### GIVEN MATERIAL

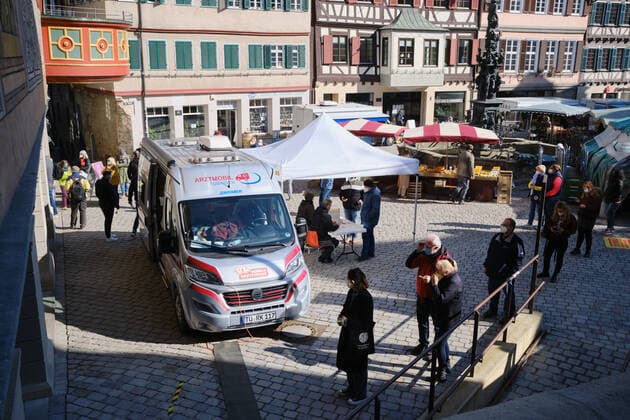 Tuebingen Tuebingen converts day ticket to digital system, Tuebingen, 24 03 2021 Those who get tested at one of the nine stations in the city area will now receive a wristband with a QR code Test station in front of the city hall Tuebingen, 24 03 2021 Copyright: xEibner-Pressefoto ThomasxDingesx EP_TDS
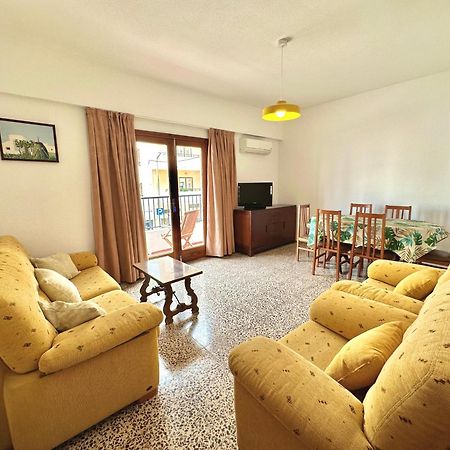 Hostal Y Apartamentos Santa Eulalia ซานตาเอวเลเรียเดสริว ภายนอก รูปภาพ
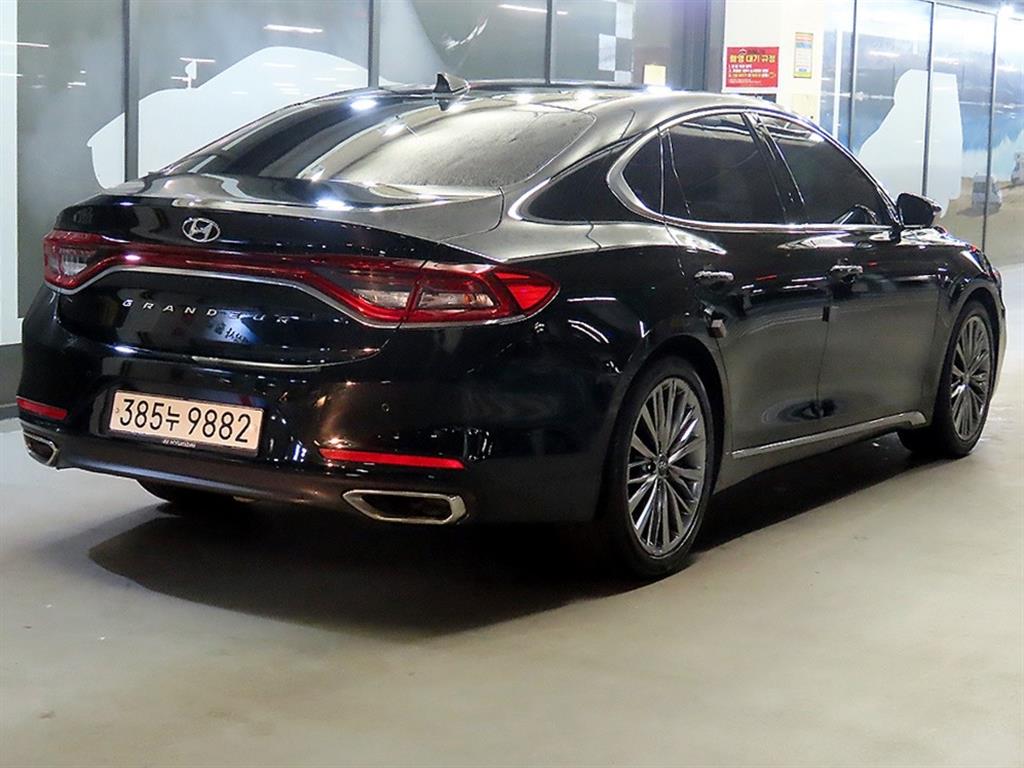 HYUNDAI Grandeur - Vista 4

### BRIEF
Nothing but the pictures should be left out when the material above is copied.

### EXPECTED OUTPUT
 Tuebingen Tuebingen converts day ticket to digital system, Tuebingen, 24 03 2021 Those who get tested at one of the nine stations in the city area will now receive a wristband with a QR code Test station in front of the city hall Tuebingen, 24 03 2021 Copyright: xEibner-Pressefoto ThomasxDingesx EP_TDS
 Hostal Y Apartamentos Santa Eulalia ซานตาเอวเลเรียเดสริว ภายนอก รูปภาพ
 HYUNDAI Grandeur - Vista 4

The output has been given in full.